Angiotensin II induces gene transcription through cell-type-dependent effects on the nuclear factor-κB (NF-κB) transcription factor

Allan R. Brasier, M. Jamaluddin, Youqui Han, Cam Patterson, Marschall S. Runge

Research output: Contribution to journalReview articlepeer-review

158 Scopus citations


The vasopressor octapeptide, angiotensin II (Ang II), exerts homeostatic responses in cardiovascular tissues, including the heart, blood vessel wall, adrenal cortex and liver (a major source of circulating plasma proteins). One of the effects of Ang II is to induce expression of regulatory, structural and cytokine genes that play important roles in long-term control of blood pressure, vascular remodeling, cardiac hypertrophy and inflammation.
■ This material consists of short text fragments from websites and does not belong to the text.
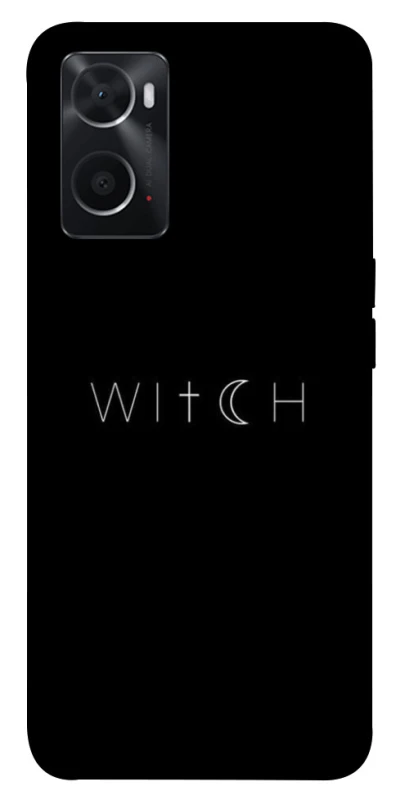 Чехол на Oppo A76 4G Halloween Witch ver.4 фото 1 из 1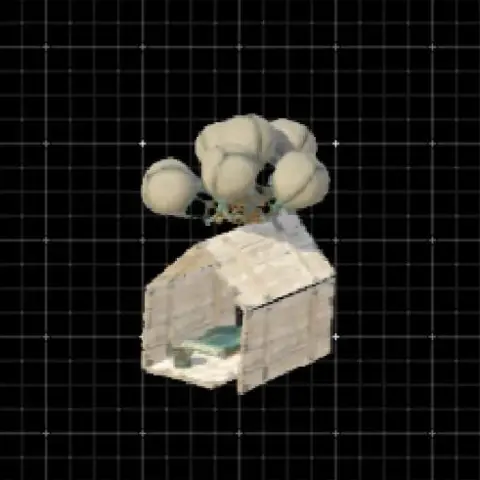 Balloon house from Up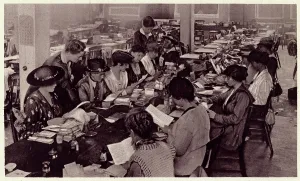 Limitation: Postal censorship during WWI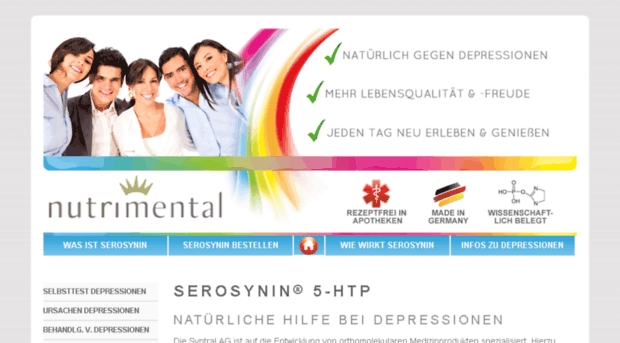 serosynin-depressionen.com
The identification of nuclear signaling pathways and target transcription factors has provide important insight into cellular responses and the spectrum of genes controlled by Ang II. Here we will review how Ang II activates the transcription factors, Activator Protein 1 (AP-1), Signal Transducer and Activator of Transcription (STATs), and Nuclear Factor-κB (NF-κB). NF-κB is of particular interest because it is an important mediator of resynthesis of the Ang II precursor, angiotensinogen AGT. Through this positive feedback loop, long-term changes in the activity of the renin angiotensin system occur. Although NF-κB is ubiquitously expressed, surprisingly the mechanism for Ang II-inducible NF-κB regulation differs between aortic smooth muscle cells (VSMCs) and hepatocytes. In VSMC, Ang II induces nuclear translocation of cytoplasmic transactivatory NF-κB proteins through proteolysis of its inhibitor, IκB. By contrast, in hepatocytes, Ang II induces large nuclear isoforms of NF-κB1 to bind DNA through a mechanism independent of changes in IκB turnover. NF-κB activation depends upon the activity of DAG-sensitive PKC isoforms and ROS signaling pathway. These observations indicate that significant differences exist in Ang II signaling depending upon cell-type involved and suggest the possibility that tissue-selective modulation of Ang II effects is possible in the cardiovascular system.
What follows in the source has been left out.